Ele também cita o Grande Sistema de Recifes da Amazônia - formado por esponjas, rodolitos e corais -, que garantem, por exemplo, a presença de pargos e lagostas, com elevado valor comercial para o Amapá e o Pará. "Ainda, a costa norte abriga 80% dos manguezais do país, ambientes referenciados como berçários da vida marinha e extremamente sensíveis a eventuais derramamentos de petróleo", completa Laterman.
Em contrapartida, a Petrobras afirma que já realizou diversos estudos avaliando os impactos da exploração, bem como a inspeção do fundo da área a ser perfurada - localizada a 500 km da foz do Rio Amazonas e próxima à Guiana Francesa. Confiante, a estatal espera que o Ibama reavalie o pedido de licença e que, caso aprovado, a perfuração comece já em 2023. A expectativa é que o trabalho, com duração de aproximadamente cinco meses, confirme a existência de petróleo no local.
De acordo com a Petrobras, o objetivo da exploração é aumentar a produção nacional de petróleo e gás natural, podendo viabilizar uma transição energética sustentável e segura para o país. Daniele Lomba, gerente de Sustentabilidade e Meio Ambiente da estatal, afirma que a área de testes no litoral do Amapá está distante da parte ambientalmente sensível e que um suposto vazamento não levaria o óleo para a costa.
"A empresa tem atendido tempestivamente todas as demandas do Ibama, então vamos continuar dessa forma. A gente implantou uma estrutura de resposta à emergência bem condizente com a atividade que a gente quer fazer na região. O desenvolvimento da atividade na região pode gerar recursos para canalizar e direcionar a proteção ambiental, para o saneamento básico e para comunidades tradicionais", afirma Daniele.
A alegação, no entanto, é contrariada por Suely Araújo, ex-presidente do Ibama e especialista sênior em políticas públicas do Observatório do Clima, que cita que, conforme o plano apresentado, em caso de vazamento, o óleo chegaria às águas da Guiana Francesa em menos de 10 horas sem que a Petrobras tivesse condições de conter o acidente. Um cenário como este, segundo a especialista, poderia ocasionar uma tragédia em termos de poluição.
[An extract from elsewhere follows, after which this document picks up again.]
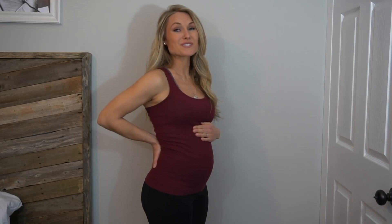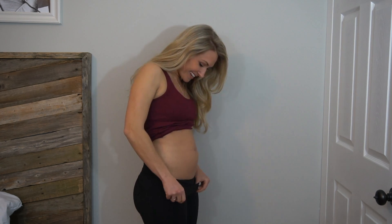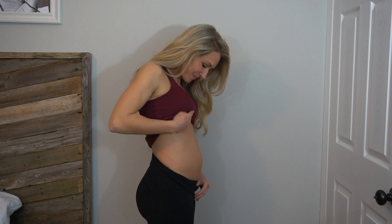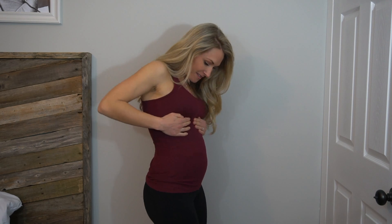So this is my belly for week 19, first day of week 20 — that means we're halfway through pregnancy. I think my belly might be bigger than my butt now. Almost. But there you have it — 20 weeks, halfway there.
"Na AAAS, estudo que é previsto na nossa legislação desde 2012, são mapeadas as áreas aptas à produção de petróleo, não aptas à produção de petróleo e áreas que ficam em moratória para estudos futuros. Sem esse estudo regionalizado, haverá sempre dificuldade nas licenças na foz do Amazonas. Os técnicos do Ibama estão alertando que há dificuldade em termos de avaliação dos reais impactos da exploração de petróleo na região", diz Suely.
Além das incertezas em relação ao projeto, outro ponto chama a atenção dos especialistas consultados pelo SBT News: a crise climática. Eles explicam que, em meio ao avanço do aquecimento global, não faz sentido o Brasil adotar a expansão da exploração de petróleo como modelo de crescimento econômico, já que o país tem todas as condições para liderar uma economia de baixo carbono, gerando emprego, renda e investimento.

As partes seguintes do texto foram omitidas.